Sobre a pequena mesa, havia uma dessas bolas de vidro com uma rosa artificial
dentro, exemplar típico da decoração kitsch
da época. É preciso lembrar aqui, que o Marechal era assim chamado por causa do
seu nome de batismo – Floriano Peixoto – e chegou a figurar numa lista dos Dez
Mais Elegantes do Ibrahim Sued. Alto, magro, negro retinto, foi estampado nas
páginas da revista de terno de linho branco e chapéu panamá.
Naquela época, a
editora Abril havia lançado a revista Realidade,
investindo com força em reportagens de qualidade. O jornalismo da Manchete, calcado na malandragem
carioca, logo partiu para canibalizar as vantagens da adversária. Realidade era mensal, Manchete semanal. Podíamos, assim, nos
valendo de uma discreta espionagem industrial, “furar” a rival. Um exemplo: Paris-Match, nosso modelo de estilo,
publicou uma reportagem de capa fascinante sobre o primeiro ano de vida do
bebê. Tentamos comprar a matéria e soubemos que já fora vendida à Realidade. Fui designado então, pelo
editor Justino Martins, a “reconstituir” a reportagem - da Paris Match recorrendo aos conhecimentos do dr. Rinaldo De Lamare,
um dos maiores pediatras da praça e autor do best seller da Bloch, A Vida do Bebê. Furamos a Realidade e a edição foi um sucesso
retumbante, tendo na foto de capa um bebezinho de um ano nu de pé. Era o
Arnaldo Bloch, sobrinho-neto do Adolpho, hoje jornalista de O Globo. Na Bloch, imperava sempre a
solução doméstica.
Quando estourou uma
crise que ocupou as manchetes dos jornais do mundo inteiro no Haiti do ditador
Papa Doc Duvalier, a Realidade estava
lá com uma dupla dinâmica de repórter e fotógrafo. Graças a minha amizade com o
diplomata Orlando Soares Carbonar – meu colega na Gazeta do Povo de Curitiba nos anos 50 – então chefe de gabinete do
Ministro das Relações Exteriores, Magalhães Pinto, consegui uma entrevista
exclusiva, no Palácio do Itamaraty – vendo os cisnes pela janela – com o
embaixador do Brasil em Port-au-Prince, Geraldo Rainho, que abrigara na
embaixada políticos perseguidos por Papa Doc e fora chamada de volta ao Brasil.

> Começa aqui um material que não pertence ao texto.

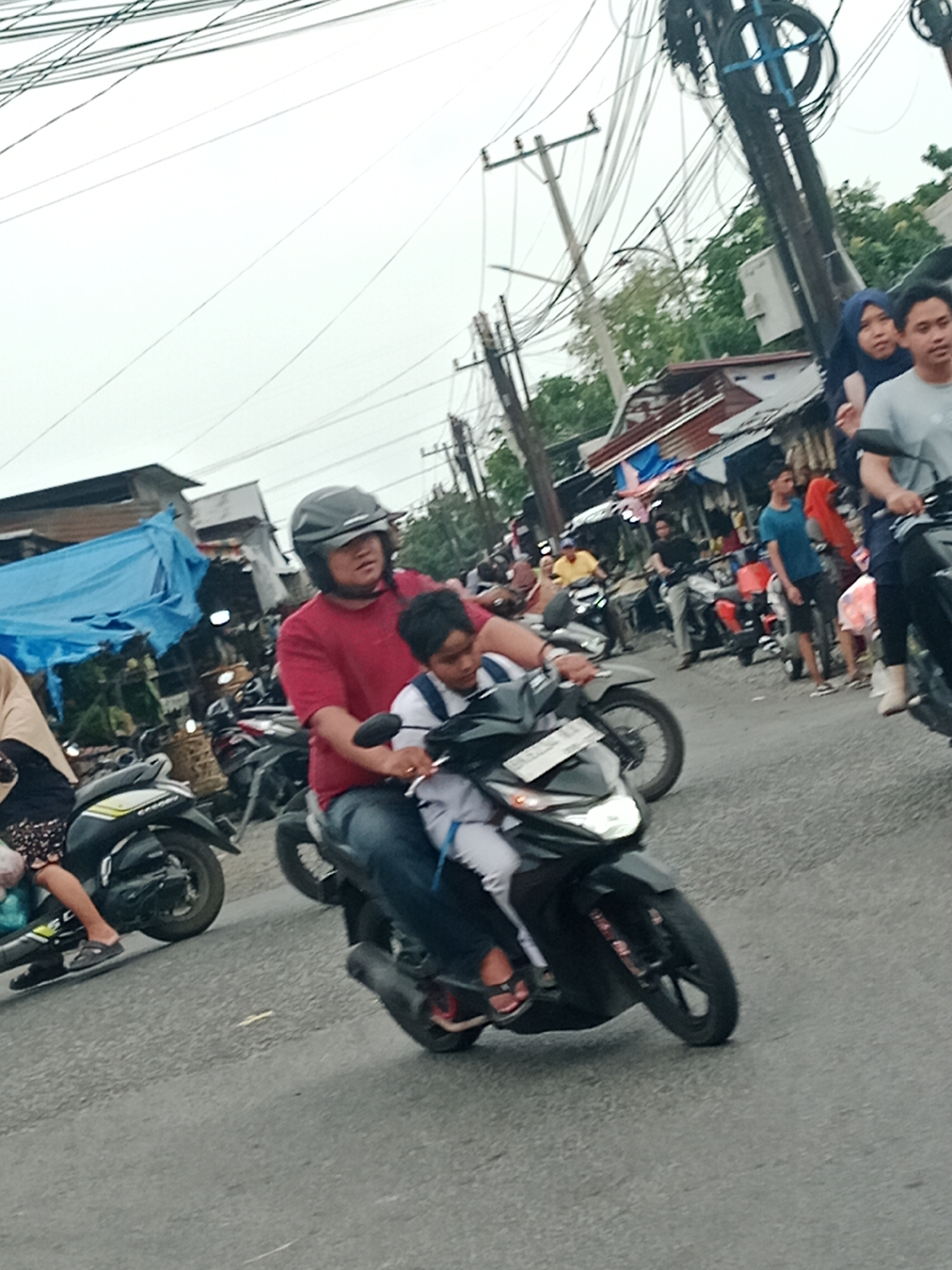 In the City of Binjai, Indonesia, this image captures a street scene with multiple motorcycles and pedestrians. In the foreground, a man wearing a red shirt and a grey helmet is riding a black motorcycle, with a younger individual in a white shirt as the passenger. The rider's left hand is on the handlebars, and the passenger is looking forward. To the left, another motorcycle is partially visible, with a person wearing a hijab and patterned skirt on the passenger seat. In the background, several other motorcycles and people are present, suggesting a busy urban environment. Structures resembling market stalls or small shops line the side of the road, with tarps and corrugated metal roofs. Electrical wires crisscross overhead, indicating utility infrastructure. The road surface is asphalt. The overall atmosphere appears to be one of daily commerce and transportation.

O depoimento vivo de Raínho, mais algumas pinceladas do livro Os comediantes,
de Graham Greene, cuja versão cinematográfica acabara de estrear com
estardalhaço (imaginem: Liz Taylor e Richard Burton nos papeis principais...),
me ajudaram a escrever um texto vibrante que dava a impressão de que eu
estivera lá, vendo tudo, no ventre da besta.
Uma vez mais, furamos a
Realidade. O problema é que a mulher
do repórter, ao ver a matéria da Manchete,
sentiu que eu estava ameaçando a carreira do marido, e partiu para uma desforra
pessoal. Invadiu Frei Caneca com uma amiga e, ao chegar à mesa do Marechal, foi
evidentemente barrada. Felizmente, eu estava na rua a serviço e escapei do
barraco. Impossibilitada de entrar, a mulher do repórter da Realidade pegou a bola de cristal da
mesa do Marechal e a arremessou com furor ao chão. A bola estilhaçou-se
em mil pedaços e a pobre rosa de crepom caiu ao chão em meio a uma poça d’água
– descobrimos então que a rosa kitsch
– quase uma Rosa de Hiroxima então – era envolvida por água dentro da sua
bolha. Quem resolveu a parada, exorbitando de suas funções, foi o diretor
financeiro Nelson Alves: aos trompaços, ele arrastou as invasoras até a calçada
de Frei Caneca e as lançou no olho da rua.
Essas súbitas
lembranças foram desencadeadas pelo telefonema que recebi esta manhã do Lairton
Cabral, comunicando a morte do Marechal, na última terça-feira, 12 de agosto,
no seu tugúrio da Região dos Lagos, aos 97 anos. Que todas as rosas do mundo –
artificiais, é claro – o acompanhem, Marechal!